Cards and focus. When in doubt, sit in a circle. Reading cards in a circle enables a different kind of storytelling than in the one-on-one situation. For once, there’s the ritual of beginning the circle. This can be simple or theatrical. Each has its function. Everyone participating, while taking her seat on animal hides, can think of the connection to the earth. Sitting in a circle equals grounding.
Then there’s the dedication to formulating a common aim. This type of formulation, or a similar one will do: ‘In this circle today, we will take this issue by its horns.’ Randomly distributed cards among the sitters can also have the function of grounding the issue. How clear is people’s vision? Can they put it into words? Often it helps to embody the situation in the cards. Nothing can be more grounding or commonsensical than getting a distinct impression of what one needs to do, all this by simply imitating the characters depicted on the cards.
Often also there’s no conflict of interests. ‘Do I have to embody the Tower’, someone can ask, upon seeing the lightening striking the tall building. ‘Yes, give it a shout, shatter these windows, you might answer. ‘Do I need to hang now,’ another can ask, and here the answer might be, ‘swing like a pendulum, lose the sense of where your head is.’ In a circle we are all into applied philosophy of action. That’s the magic.

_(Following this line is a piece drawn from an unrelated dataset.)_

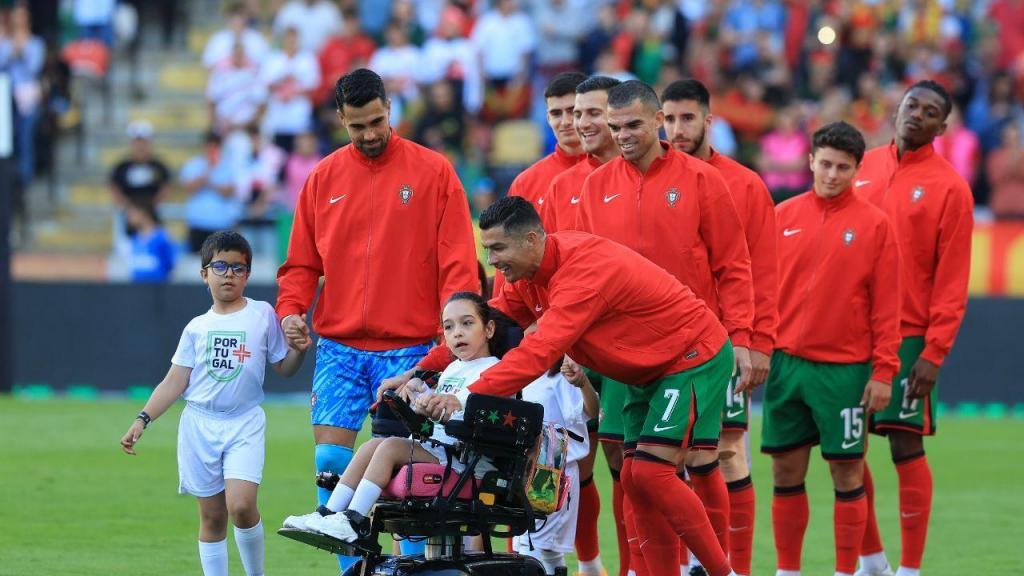 Cristiano Ronaldo acompanha jovem de cadeira de rodas (JOSÉ COELHO/LUSA)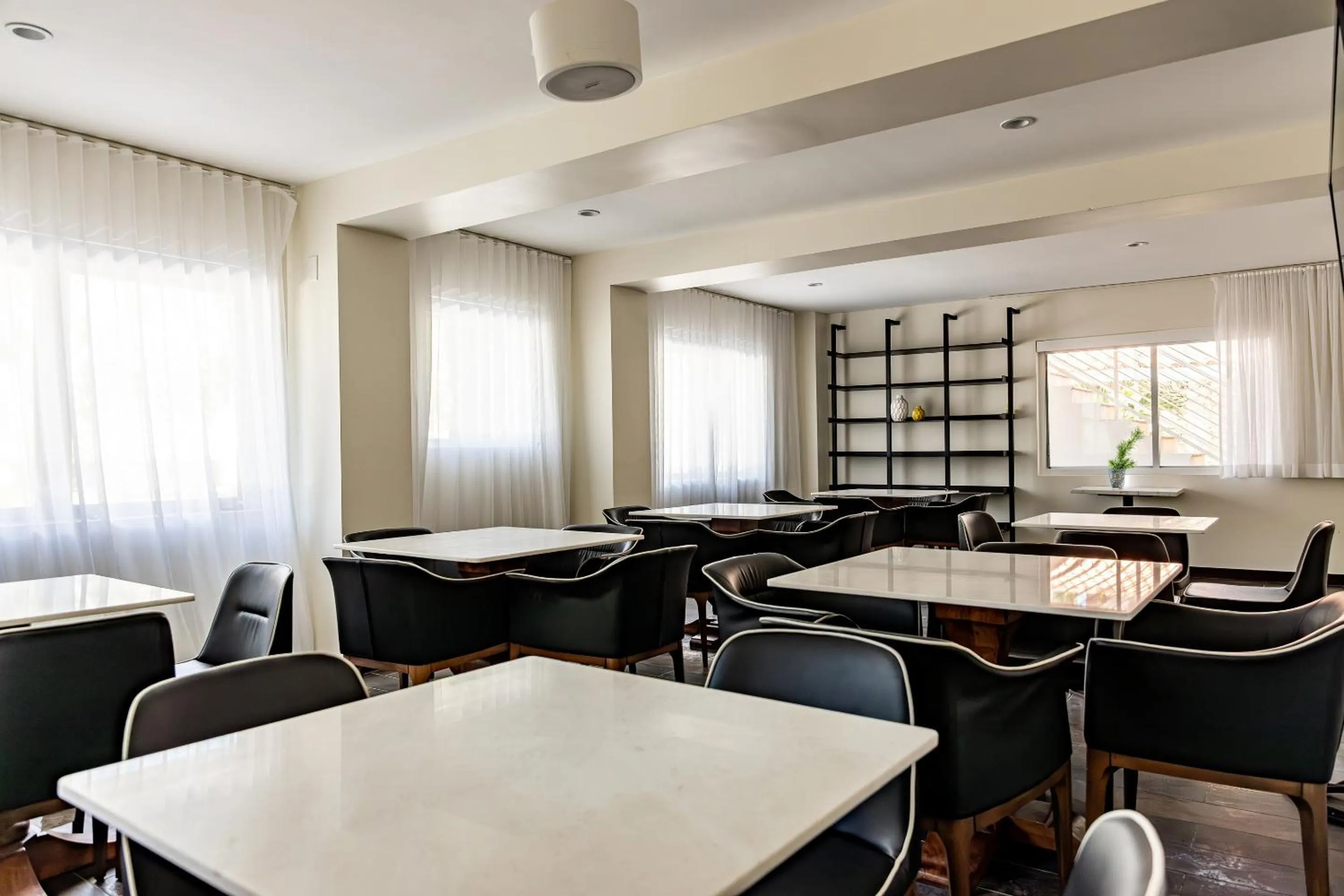 Meeting/conference room in Kenmore Village Hotel, South Beach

Thirdly, the circle enables the sitters to control the commonly formulated intent by listening attentively to one another. ‘How does what she says, the one sitting across me, apply to how I see it? Common sense turns into common story.
The ringing of a bell can mark the shift to closing the circle. Drink some sacred water that the host might make. Eat fresh fruit in gratitude. If you have a tree nearby your house, say your goodbyes by standing for a moment under its branches. Think of expansion. Think of the expansion that begins with the circle. A circle is like the big splendor of the sun, splendor solis.
It is not difficult to focus. Ring your bells and send out your invitations. Consecrate, dedicate, fabricate. Make a good blend out of the stories that people bring to the circle. And learn. These are my strategies for hosting a good circle. Throw some cards into it, and you’ll be ready to become a scribe. Of your own and others’ lives.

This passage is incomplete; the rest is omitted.